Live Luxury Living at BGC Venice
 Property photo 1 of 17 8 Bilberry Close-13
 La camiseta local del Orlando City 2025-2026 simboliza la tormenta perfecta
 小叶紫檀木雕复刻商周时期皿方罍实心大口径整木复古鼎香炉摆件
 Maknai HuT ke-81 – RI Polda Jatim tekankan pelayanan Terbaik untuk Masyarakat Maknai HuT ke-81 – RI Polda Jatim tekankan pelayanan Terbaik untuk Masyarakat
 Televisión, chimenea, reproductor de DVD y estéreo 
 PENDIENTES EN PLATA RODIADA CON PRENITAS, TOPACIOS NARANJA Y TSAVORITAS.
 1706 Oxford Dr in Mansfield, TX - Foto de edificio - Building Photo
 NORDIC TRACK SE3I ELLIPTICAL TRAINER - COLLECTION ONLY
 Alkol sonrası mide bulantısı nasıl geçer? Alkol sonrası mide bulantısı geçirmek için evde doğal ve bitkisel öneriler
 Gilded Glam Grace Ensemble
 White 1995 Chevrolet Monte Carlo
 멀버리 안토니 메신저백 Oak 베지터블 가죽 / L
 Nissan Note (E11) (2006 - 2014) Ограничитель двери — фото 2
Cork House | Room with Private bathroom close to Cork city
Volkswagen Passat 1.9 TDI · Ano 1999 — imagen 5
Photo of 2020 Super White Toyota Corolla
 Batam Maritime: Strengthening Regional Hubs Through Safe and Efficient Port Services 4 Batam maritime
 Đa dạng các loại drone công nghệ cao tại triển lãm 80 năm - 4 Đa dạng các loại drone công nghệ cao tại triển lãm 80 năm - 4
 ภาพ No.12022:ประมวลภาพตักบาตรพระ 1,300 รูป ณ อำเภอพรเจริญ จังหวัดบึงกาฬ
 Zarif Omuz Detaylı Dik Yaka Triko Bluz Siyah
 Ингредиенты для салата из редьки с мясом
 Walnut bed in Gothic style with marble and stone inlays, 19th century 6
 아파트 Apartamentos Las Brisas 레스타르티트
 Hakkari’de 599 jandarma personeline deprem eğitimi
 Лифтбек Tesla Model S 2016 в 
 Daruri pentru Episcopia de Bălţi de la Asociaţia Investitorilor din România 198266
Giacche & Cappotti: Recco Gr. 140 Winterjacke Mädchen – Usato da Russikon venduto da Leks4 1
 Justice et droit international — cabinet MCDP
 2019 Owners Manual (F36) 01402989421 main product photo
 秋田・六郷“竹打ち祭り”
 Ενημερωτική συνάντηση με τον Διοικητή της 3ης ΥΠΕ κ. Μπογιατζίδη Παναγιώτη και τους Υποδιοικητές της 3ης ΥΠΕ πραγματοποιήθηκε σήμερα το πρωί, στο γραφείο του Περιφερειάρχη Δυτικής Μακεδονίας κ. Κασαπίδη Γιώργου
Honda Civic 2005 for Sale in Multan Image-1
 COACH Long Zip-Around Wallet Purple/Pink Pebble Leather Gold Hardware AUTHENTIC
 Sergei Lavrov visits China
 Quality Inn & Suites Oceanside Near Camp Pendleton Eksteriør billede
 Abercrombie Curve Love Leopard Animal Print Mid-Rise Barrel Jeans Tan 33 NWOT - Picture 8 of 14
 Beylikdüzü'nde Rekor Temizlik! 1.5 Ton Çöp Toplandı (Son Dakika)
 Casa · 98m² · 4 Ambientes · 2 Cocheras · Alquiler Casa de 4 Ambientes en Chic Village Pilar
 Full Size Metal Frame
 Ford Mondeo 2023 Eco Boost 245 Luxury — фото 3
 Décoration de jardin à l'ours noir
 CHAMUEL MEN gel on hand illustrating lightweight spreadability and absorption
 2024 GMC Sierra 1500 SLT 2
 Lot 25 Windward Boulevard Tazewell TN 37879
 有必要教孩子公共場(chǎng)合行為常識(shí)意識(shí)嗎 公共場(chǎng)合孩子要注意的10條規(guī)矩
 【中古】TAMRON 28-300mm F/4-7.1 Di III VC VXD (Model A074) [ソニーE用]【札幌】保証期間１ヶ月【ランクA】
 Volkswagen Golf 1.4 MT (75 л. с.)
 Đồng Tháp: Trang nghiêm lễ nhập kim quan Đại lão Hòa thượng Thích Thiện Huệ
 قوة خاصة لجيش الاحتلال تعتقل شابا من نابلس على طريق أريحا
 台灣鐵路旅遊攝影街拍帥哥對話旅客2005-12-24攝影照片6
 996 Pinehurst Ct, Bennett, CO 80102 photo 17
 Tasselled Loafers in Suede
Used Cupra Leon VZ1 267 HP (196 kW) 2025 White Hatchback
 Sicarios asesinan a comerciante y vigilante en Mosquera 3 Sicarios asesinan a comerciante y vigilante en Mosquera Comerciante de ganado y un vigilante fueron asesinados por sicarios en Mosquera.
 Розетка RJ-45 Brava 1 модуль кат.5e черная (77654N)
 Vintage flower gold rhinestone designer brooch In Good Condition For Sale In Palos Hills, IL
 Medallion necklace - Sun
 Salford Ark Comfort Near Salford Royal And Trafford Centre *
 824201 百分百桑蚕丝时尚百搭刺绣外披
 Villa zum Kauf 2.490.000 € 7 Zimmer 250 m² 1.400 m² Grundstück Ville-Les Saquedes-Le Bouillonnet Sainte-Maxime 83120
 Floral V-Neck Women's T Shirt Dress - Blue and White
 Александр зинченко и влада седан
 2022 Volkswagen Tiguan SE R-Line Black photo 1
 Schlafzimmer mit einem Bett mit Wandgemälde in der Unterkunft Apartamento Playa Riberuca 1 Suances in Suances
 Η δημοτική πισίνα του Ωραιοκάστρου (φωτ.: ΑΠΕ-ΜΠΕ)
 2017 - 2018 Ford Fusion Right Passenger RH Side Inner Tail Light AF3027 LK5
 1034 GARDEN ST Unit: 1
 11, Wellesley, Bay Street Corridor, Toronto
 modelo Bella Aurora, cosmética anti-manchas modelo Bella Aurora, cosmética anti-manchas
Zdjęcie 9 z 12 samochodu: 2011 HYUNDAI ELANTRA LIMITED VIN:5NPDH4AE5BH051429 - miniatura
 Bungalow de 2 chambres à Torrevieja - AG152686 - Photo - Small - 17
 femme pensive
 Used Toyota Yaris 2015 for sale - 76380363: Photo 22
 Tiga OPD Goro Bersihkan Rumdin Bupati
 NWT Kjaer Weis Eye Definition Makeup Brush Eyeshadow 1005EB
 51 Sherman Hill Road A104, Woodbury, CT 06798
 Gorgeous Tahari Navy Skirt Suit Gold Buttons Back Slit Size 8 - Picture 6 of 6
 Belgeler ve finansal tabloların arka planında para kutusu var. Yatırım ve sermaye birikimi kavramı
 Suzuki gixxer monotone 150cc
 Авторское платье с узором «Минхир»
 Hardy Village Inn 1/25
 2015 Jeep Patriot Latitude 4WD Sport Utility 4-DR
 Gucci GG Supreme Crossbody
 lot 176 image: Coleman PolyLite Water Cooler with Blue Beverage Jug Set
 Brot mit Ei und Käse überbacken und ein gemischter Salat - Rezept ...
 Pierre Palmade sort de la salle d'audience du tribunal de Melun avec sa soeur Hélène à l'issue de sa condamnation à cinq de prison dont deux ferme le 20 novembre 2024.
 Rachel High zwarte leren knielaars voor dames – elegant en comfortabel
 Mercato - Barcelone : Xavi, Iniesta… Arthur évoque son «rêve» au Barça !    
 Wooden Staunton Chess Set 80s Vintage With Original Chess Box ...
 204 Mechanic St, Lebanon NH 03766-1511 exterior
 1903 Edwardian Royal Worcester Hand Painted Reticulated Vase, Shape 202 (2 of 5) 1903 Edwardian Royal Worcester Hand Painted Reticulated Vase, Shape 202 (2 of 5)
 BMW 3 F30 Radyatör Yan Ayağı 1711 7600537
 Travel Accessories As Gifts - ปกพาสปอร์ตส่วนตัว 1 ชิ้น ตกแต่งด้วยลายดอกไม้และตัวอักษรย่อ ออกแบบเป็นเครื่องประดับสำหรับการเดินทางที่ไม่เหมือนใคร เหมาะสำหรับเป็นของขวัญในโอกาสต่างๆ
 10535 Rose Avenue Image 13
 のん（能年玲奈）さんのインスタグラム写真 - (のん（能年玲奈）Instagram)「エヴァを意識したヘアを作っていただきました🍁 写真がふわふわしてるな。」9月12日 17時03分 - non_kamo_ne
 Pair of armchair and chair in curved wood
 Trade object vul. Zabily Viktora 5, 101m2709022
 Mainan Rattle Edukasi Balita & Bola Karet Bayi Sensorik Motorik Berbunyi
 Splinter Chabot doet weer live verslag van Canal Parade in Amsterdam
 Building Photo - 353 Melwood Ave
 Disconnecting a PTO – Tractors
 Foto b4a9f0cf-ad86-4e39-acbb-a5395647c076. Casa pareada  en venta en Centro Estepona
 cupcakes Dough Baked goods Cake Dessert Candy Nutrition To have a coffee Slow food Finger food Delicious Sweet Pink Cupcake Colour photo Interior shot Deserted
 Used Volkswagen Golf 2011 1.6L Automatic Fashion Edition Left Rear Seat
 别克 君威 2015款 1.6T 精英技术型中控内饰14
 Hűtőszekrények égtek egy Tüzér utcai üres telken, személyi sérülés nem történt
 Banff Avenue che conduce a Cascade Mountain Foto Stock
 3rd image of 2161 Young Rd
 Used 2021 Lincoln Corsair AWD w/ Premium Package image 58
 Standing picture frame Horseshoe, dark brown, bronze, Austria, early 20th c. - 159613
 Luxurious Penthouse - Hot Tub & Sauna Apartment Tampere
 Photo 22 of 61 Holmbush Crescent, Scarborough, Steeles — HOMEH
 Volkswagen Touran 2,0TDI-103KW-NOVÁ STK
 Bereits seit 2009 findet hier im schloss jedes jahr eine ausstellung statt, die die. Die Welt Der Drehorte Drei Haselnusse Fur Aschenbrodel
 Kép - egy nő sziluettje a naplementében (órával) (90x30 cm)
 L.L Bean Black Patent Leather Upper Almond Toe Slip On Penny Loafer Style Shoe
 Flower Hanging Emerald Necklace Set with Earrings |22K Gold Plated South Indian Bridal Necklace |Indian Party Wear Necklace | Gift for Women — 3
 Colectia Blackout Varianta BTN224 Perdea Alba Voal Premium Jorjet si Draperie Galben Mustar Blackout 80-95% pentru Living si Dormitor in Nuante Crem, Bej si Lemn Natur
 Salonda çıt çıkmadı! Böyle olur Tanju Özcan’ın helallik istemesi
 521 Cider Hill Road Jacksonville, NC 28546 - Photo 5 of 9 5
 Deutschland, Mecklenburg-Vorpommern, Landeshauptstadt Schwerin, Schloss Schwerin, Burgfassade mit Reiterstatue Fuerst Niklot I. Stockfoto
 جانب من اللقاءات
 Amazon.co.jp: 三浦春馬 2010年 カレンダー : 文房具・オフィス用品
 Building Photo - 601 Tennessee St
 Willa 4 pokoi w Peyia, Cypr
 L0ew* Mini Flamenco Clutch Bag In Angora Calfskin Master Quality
══════════
EXERCISE:
Which lines in the entries above contain "Road"? Pull each of them out.

REPLY TO THE EXERCISE:
 51 Sherman Hill Road A104, Woodbury, CT 06798
 521 Cider Hill Road Jacksonville, NC 28546 - Photo 5 of 9 5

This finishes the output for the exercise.